_What the exercise asks:_ From the entries below, copy every line that has the word "photo".
─── Recorded data ───
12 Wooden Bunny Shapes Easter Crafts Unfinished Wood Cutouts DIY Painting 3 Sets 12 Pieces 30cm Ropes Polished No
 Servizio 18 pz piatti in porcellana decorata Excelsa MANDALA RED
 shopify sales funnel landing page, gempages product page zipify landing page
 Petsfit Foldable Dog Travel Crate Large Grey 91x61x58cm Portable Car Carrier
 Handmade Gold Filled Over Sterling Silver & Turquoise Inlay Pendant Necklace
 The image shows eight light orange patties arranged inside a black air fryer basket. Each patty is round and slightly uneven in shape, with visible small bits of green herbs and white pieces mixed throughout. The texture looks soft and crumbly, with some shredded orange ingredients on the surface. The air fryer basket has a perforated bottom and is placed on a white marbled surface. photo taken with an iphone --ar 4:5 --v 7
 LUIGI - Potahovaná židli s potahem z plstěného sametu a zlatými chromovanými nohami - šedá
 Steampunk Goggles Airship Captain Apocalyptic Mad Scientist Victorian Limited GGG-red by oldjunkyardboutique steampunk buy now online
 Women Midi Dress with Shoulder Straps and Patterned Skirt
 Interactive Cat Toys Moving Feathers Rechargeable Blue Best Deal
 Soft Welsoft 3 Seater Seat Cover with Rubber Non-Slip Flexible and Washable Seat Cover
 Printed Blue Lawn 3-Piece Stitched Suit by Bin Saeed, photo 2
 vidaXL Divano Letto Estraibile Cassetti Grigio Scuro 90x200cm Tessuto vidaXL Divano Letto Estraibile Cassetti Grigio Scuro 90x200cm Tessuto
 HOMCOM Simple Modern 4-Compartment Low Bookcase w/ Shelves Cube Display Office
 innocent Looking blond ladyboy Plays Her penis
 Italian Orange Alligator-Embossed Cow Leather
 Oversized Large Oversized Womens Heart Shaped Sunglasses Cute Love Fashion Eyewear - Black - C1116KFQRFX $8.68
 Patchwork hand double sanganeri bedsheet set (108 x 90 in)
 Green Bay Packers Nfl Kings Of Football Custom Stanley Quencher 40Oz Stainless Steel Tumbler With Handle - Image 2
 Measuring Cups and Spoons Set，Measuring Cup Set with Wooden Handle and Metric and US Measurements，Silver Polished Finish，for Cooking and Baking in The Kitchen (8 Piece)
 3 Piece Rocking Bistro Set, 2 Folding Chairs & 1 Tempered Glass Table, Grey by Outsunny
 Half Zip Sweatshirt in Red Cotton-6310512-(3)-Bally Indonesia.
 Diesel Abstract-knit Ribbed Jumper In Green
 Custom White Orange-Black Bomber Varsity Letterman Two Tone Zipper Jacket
───
_Task answer:_
 The image shows eight light orange patties arranged inside a black air fryer basket. Each patty is round and slightly uneven in shape, with visible small bits of green herbs and white pieces mixed throughout. The texture looks soft and crumbly, with some shredded orange ingredients on the surface. The air fryer basket has a perforated bottom and is placed on a white marbled surface. photo taken with an iphone --ar 4:5 --v 7
 Printed Blue Lawn 3-Piece Stitched Suit by Bin Saeed, photo 2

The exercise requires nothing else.